Swirling combustion is widely applied in various applications such as gas turbines, utility boilers or waste incinerators. This article contributes to the ongoing research by providing experimental data that are gathered in the mixing zone of a lifted swirling premixed natural gas flame. The objective of this paper is fivefold: (1) to introduce the lifted swirling flame featuring low NOx emissions (2) to provide experimental data such as major species distributions, temperature and streamlines of the flow pattern, (3) to report on velocity bias in probability density function (PDF) distributions and to present PDF sequences of velocities in medium scale swirling flows, (4) to make an assessment on the local small-scale turbulence that is present in the swirling mixing layer and (5) to provide new experimental data for model verification and development.
The PDFs are corrected in order to compensate for the velocity bias phenomenon, which is typical for randomly sampled LDA data. Sequences of axial PDF data are presented and measurement locations of interest are selected to look at the PDF characteristics of the internal and external recirculation zones, the mixing layer and the onset of the reacting flow into detail. The mixing layer PDFs covered a wide velocity range and revealed bimodality; even the concept of multi-modality is suggested and explored. Analysis showed that a sum of two Gaussian distributions can accurately envelop the experimental PDFs. The reason for this broadband turbulence behavior is to be found in combination of precessing and flapping motion of the flow structures, and also in combustion generated instabilities of the lifted flame. As a result, the flame brush is wide (large scale motion) and the mixing (small-scale turbulence) flattens any high temperatures in the combustion process.

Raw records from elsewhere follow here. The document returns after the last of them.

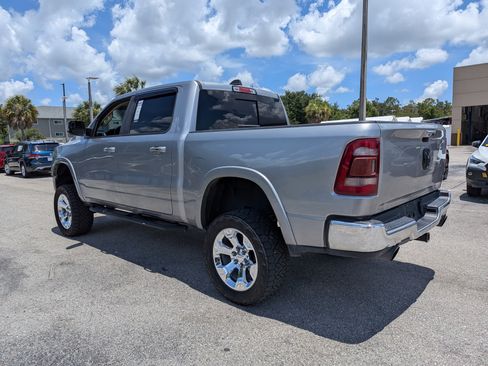 Used 2019 RAM 1500 Laramie w/ Off Road Group AWD/4WD image 6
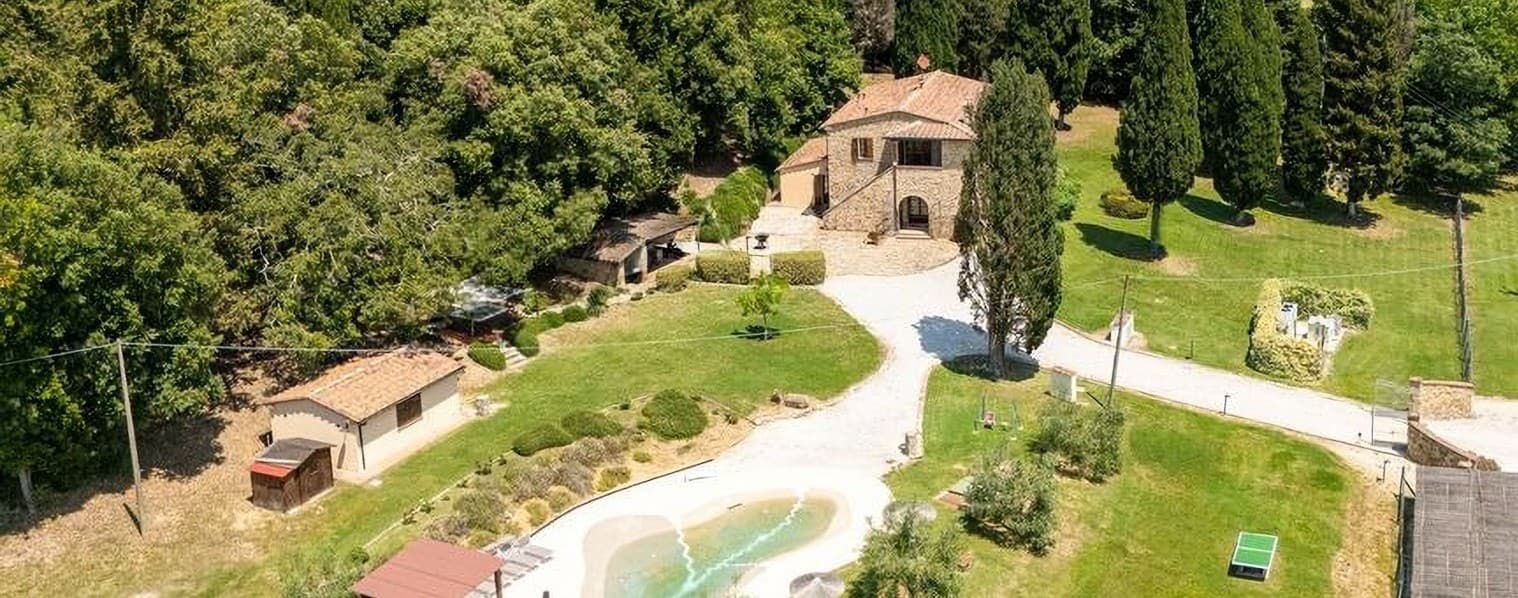 Villa in pietra con piscina a Monteverdi Marittimo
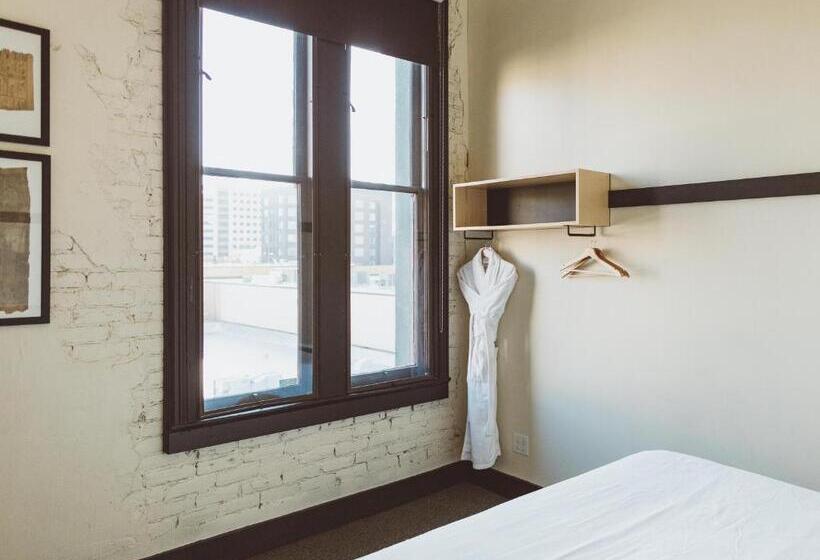 Люкс Кровать Кинг, The Society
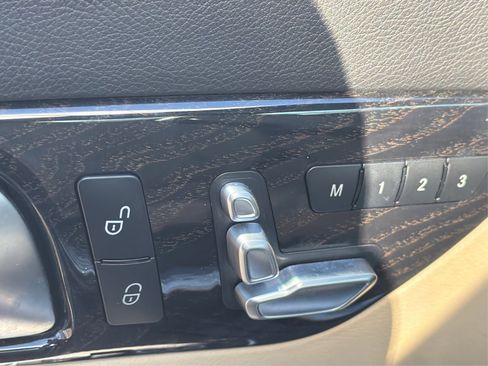 Used 2020 Mercedes-Benz SLC 300 w/ Premium Package image 15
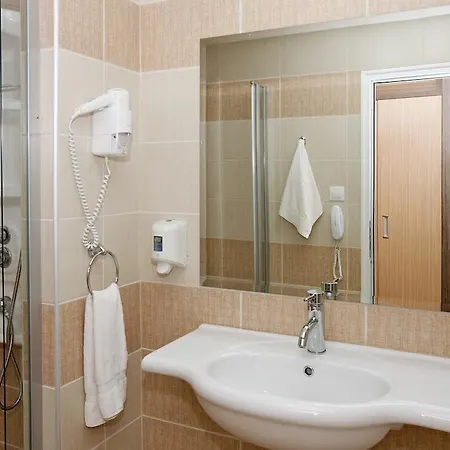 In Fort Noks, * Sveti Vlas
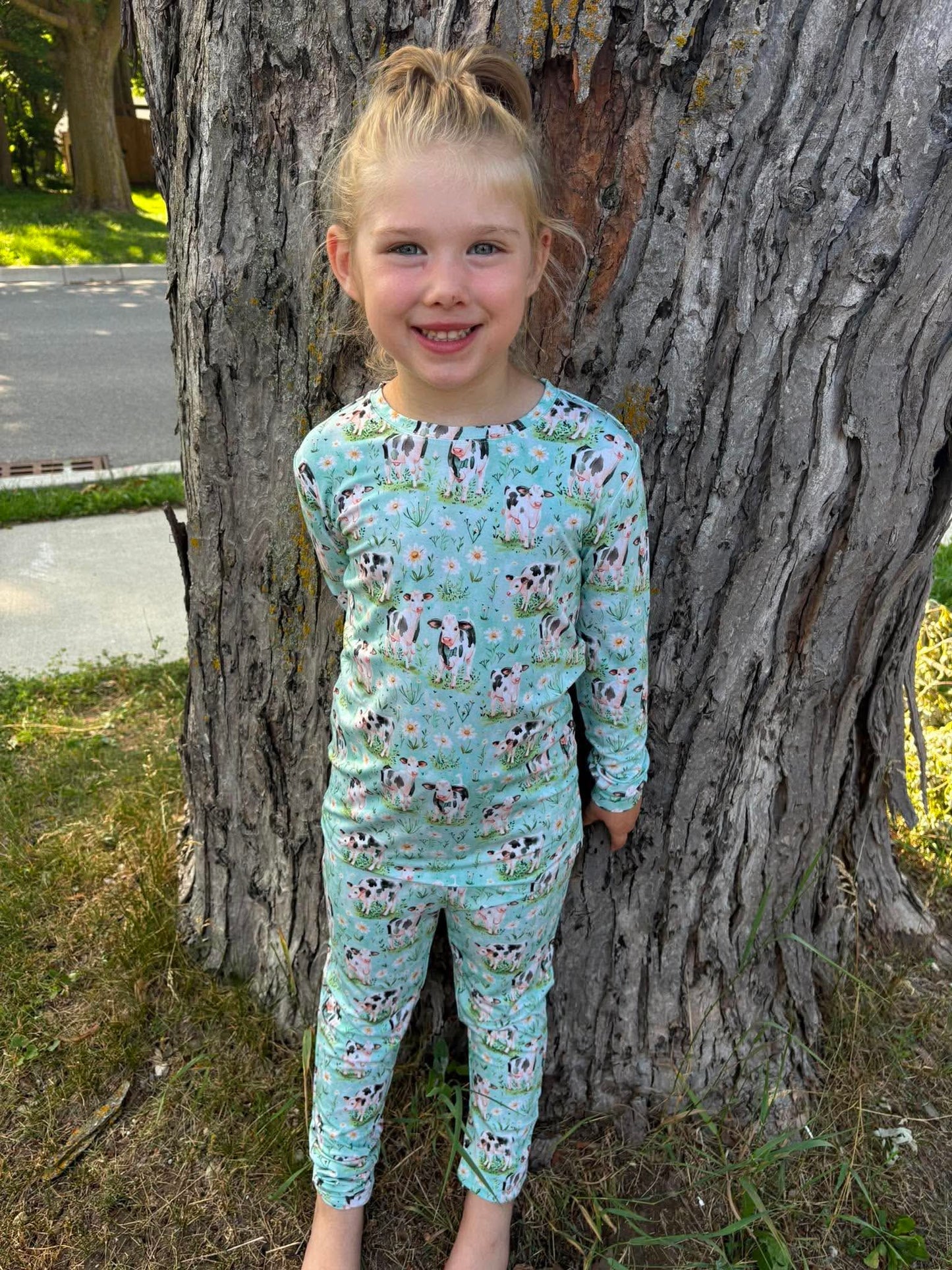 HAPPY HOOVES Two Piece Set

The multi-scale turbulence concept is subsequently used to make an assessment of the local turbulence characteristics in the mixing layer. The idea is that the PDFs capture both contributions of the flow-inherent fine grain turbulence (u′l) which is superposed on slow large scale fluctuating structures. It is this u′l that will be of interest in continued research on the classification of the lifted flame into a combustion regime diagram (e.g. Borghi diagram). Finally, the bimodality character in reacting flows and the prediction of large-scale structures may be a challenge for LES researchers.